The researchers of the PD Program provided detailed comparison of the main themes highlighted during the data analysis process that included the program’s design and structure ; critical face-to-face interaction; access to resources impact on time management; design a support structure for the monitoring and evaluation of the program; educators as self-directed learners; eTools to enhance teaching-and-learning methodologies; and barriers that hindered commitment to the program. Lastly, the researchers provided a comparative summary matrix framework of the factors which influenced the delivery of the blended learning program.

Program design and structure. A scaffolding approach for working educators was adopted, in which the course was implemented in two (2) phases. The educators were expected to engage in a face-to-face training intervention; and four (4) weeks within an online environment. This approach enabled participants to complete related tasks, as they were motivated and guided through milestones. The guides were available through email, discussion forums, instructional manuals and multimedia screencasts. This blended learning approach was beneficial, as the group of educators, specifically those in the rural settings, experienced grave challenges due to limited infrastructure (at times no internet available for an entire week). Furthermore, it should be noted that due to these challenges the PD Program was redesigned to include an additional face-to-face phase for the educators in the rural settings. Notably, the educators situated in the urban setting had the opportunity to engage in the face-to-face phase in a fully functional computer lab at UWC. They were also able to complete the milestones without major challenges.

It is important that the design and structure of a blended learning program should continuously be revised and redesigned according to the target group and context. The following themes highlight the experiences of the educators and facilitators as they progressed through the structured PD Program.

Critical face-to-face interaction. Seventy percent (70%) of urban respondents indicated that the hands-on, supportive face-to-face phase was valuable and relevant, even though they had completed their milestones without major challenges. This was compared to only 24% of the responses from educators in the rural setting who indicated face-to-face interaction as always critical. It was identified as especially necessary for adult learners to clarify tasks and related milestones. Even though there was disparity in the indicated need for face-to-face interaction, facilitators’ observations during the face-to-face phases tracked a great demand for assistance by all (100%) of the educators (both groups/settings) as they engaged with the various eTools.

Research has provided numerous reasons why face-to-face interaction during learning is relevant, as it provides an opportunity for teacher and learner interaction, especially to seek clarity and share ideas (Bejerano 2008). It is therefore critical to provide the necessary support during face-to-face interactions, as it minimises the situation whereby misassumptions are made concerning adult learner needs. Moreover, there is a need for skilled human capacity in order to support intensive blended learning programs. The teacher or facilitator roles cannot be disputed in learning, they are expected to “encourage and motivate, guide and monitor progress, give feedback, boost confidence, and maintain motivation” (Marsh 2012, 8).
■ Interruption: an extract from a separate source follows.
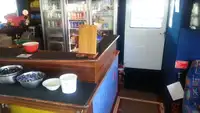 கேடமரன் விற்பனைக்கு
Access to resources as impacts time management. It was noted that access to necessary resources affected participants from both settings either negatively or positively. It was found that 100 % of the educators from the urban setting finalised their course milestones within the stipulated timeframes. This starkly contrasted with the outcome that none of the educators in the rural settings completed milestones in the stipulated timeframes. For example 16 rural participants did not respond to any of the discussion forum topics within the given time period. Most of these educators requested extended timeframes for the submission of tasks. Research indicates that the lack of relevant technology infrastructure is a major barrier that hindered access to skills among students and educators (UNESCO Institute for Statistics 2006; Hennessy and Onguko 2010).

The educators from the urban setting had acess to a fully equipped computer lab and a technical support member at their place of work (school); and 50% had access to personal internet connected computers at their homes. In contrast, the educators from the rural setting encountered major access challenges. Only 18 rural educators had access to the internet at home; only 6 had access to computer labs within their working environments; 9 had internet acess at work; and 7 had digital projectors/interactive whiteboards. Moreover, none of the rural educators had access to a fully equipped lab facility at their respective schools.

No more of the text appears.